- Specialty: Neurosurgery

= Minimally invasive thoracic spinal fusion =

Minimally invasive thoracic spinal fusion is one of the approaches to scoliosis surgery. Instead of a vertical scar down the back or horizontal from the middle of the chest to the center of the back, a rod is inserted through a series of small incisions on the side of the body. The spine is not exposed during the surgery; a small scope is used instead.

== Terminology ==
- Scoliosis is a three-dimensional curvature of the spine.
- Spinal fusion is when the discs of the spine are removed and replaced with donor bone. The fusion is usually stabilized with a rod.
- Idiopathic means arising spontaneously or from an obscure or unknown cause.

== Qualifications ==
Spinal fusion is usually needed when a curvature reaches 40 degrees. However, there is a window of opportunity for a minimally invasive surgery. The curvature needs to be between 0 and 70 degrees. Minimal rib rotation and only one curve is preferred. Also, minimally invasive spinal fusions are almost always only done in the thoracic region.

== Before operation ==

===Dietary rules for surgery day===
Infants 0 to 6 months:
1. No solids the day of surgery
2. Formula or breast milk until four hours before procedure
3. Clear liquids (water, apple juice, flat 7-up, Pedialyte) until three hours before procedure
4. Nothing by mouth thereafter

Children 7 months and older:

A. No solids the day of surgery;

B. Formula or breast milk until 6 hours before procedure;

C. Clear liquids (water, apple juice, flat 7-up, Pedialyte) until three hours before the procedure;

D. Nothing by mouth thereafter.

When the patient arrives at the hospital vital signs will be taken. Also, if needed lab work will be done. The patient will then be moved to a holding room with their family. A nurse will then place the patient on a gurney and they will then be wheeled into the operating room. The anesthesiologist will then put the patient to sleep.

== Procedure ==
Once in the operating room and asleep, a catheter and IV's are inserted. Since the spine is not being exposed, a scope is inserted into the body. The scope has a tiny camera on the end of it and this lets the surgeon watch the surgery as he performs it on a television. Usually, about five, one inch incisions are made and one 5-inch incision across the back of the hip. The lung is deflated and pushed aside, and a breathing tube is inserted into the deflated lung to help assist the patient in breathing. Once the lung is aside the surgeon removes the amount of discs needed for the fusion. Each patient is different in the number of discs needed to be removed. Bone from the patient's hip is then inserted right where the discs used to be. Screws are then inserted along the spine from the inside of the rib cage. These screws act as anchors for the rod. A rod is then inserted through the holes in the head of the screws. This is done slowly as to not aggravate the spinal cord. The lung is re-inflated and the breathing tube removed. However, a drain tube is inserted to drain excess liquid from the lungs. The patient is then moved to the Intensive Care Unit and then to a recovery room.

== After operation ==
Diet: Clear liquids, clear soup, popsicles and juice. Then slowly from liquids to foods over a 24-hour time span.

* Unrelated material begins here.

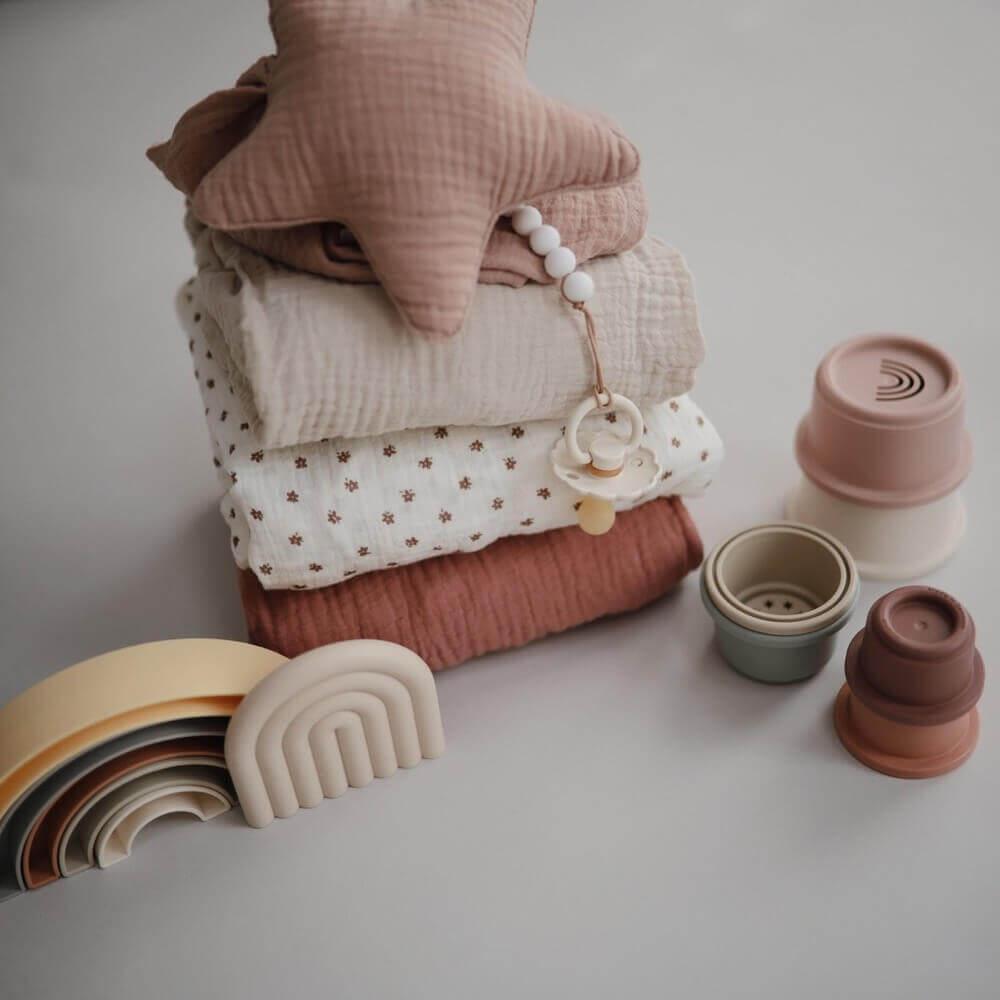 Drap contour de lit de bébé en mousseline - Bloom - Literie - Boutique LeoLudo - Mushie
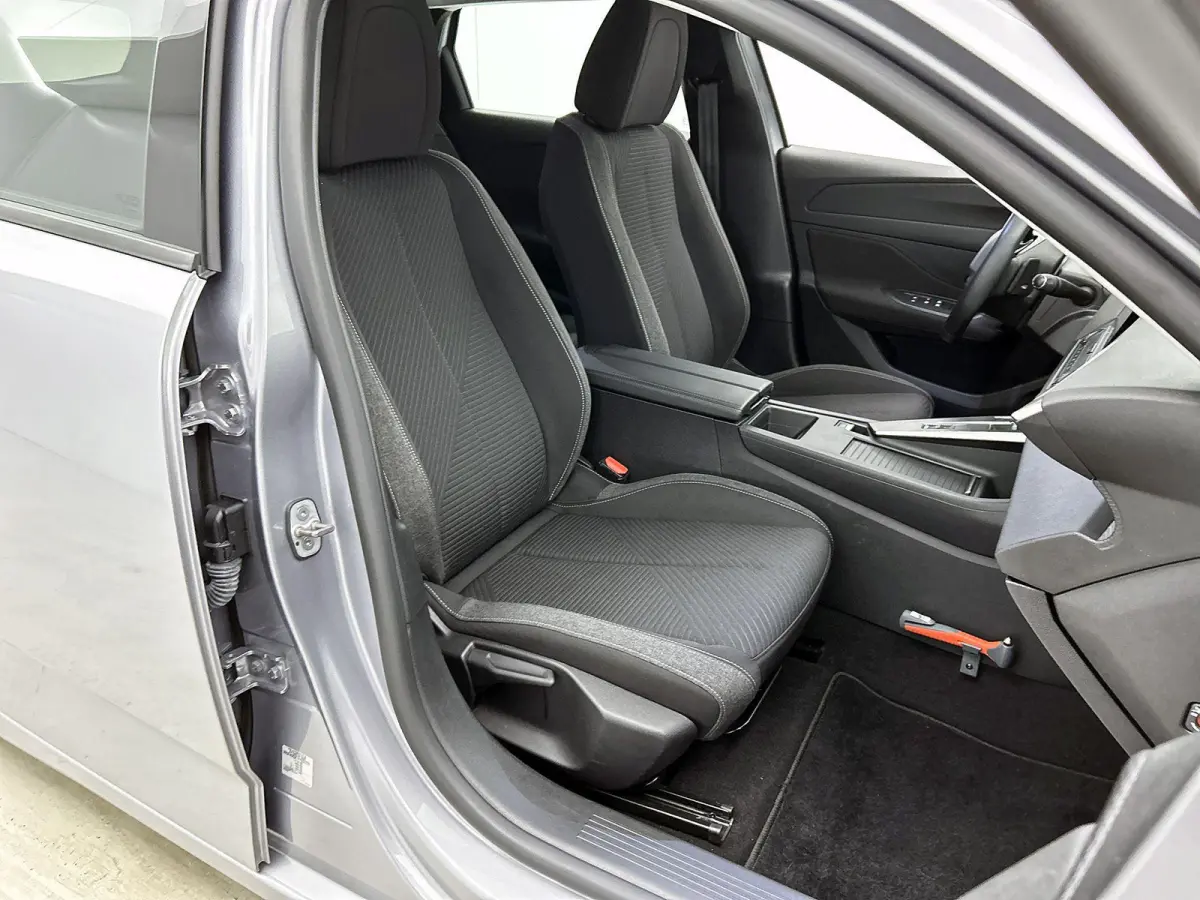 Active Pack Business 1.6 Plug-in Hybrid 180pk Automaat | Navigatie | Climate Control | Cruise Control | Parkeersensoren | Led koplampen | Keyless start | Draadloze Apple Carplay / Android Au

Nausea and vomiting: Very common after surgery, usually due to the anesthesia.

Pain: The patient is given morphine intravenously to manage pain. The use of a pain assessment tool is helpful for a patient to communicate their pain levels to a nurse or doctor.

Walking: Walking usually occurs within 48 hours of surgery. However, it should not be rushed and is completely up to the patient.

===Tube removal===
A. The stomach tube is usually removed once the patient has been moved to the recovery room.

B. The catheter is usually removed as soon as the patient feels good enough to walk around. Most likely around the second or third day.

C. The lung drain tube is usually removed last or once the flow has slowed greatly or completely stopped.

D. IV's are removed usually on the 4th or 5th day. Once the patient is able to take pain medication orally

== Medication ==
- Hydrocodone
- Acetaminophen
- Vicodin

==Recovery and outcome==
After being discharged from the hospital the patient will be required to wear a back brace for the first three months after surgery. After nine months to a year a patient will be able to resume all normal activity. Unlike other spinal fusions, with a minimally invasive thoracic spinal fusion only about 10 percent of mobility is lost. This lost mobility is usually in trunk rotation. This surgery is designed to let a person still have about the same flexibility as he or she did before the surgery. However, this means that full correction will not be able to be achieved. A person will still be slightly "bent" after the surgery is performed.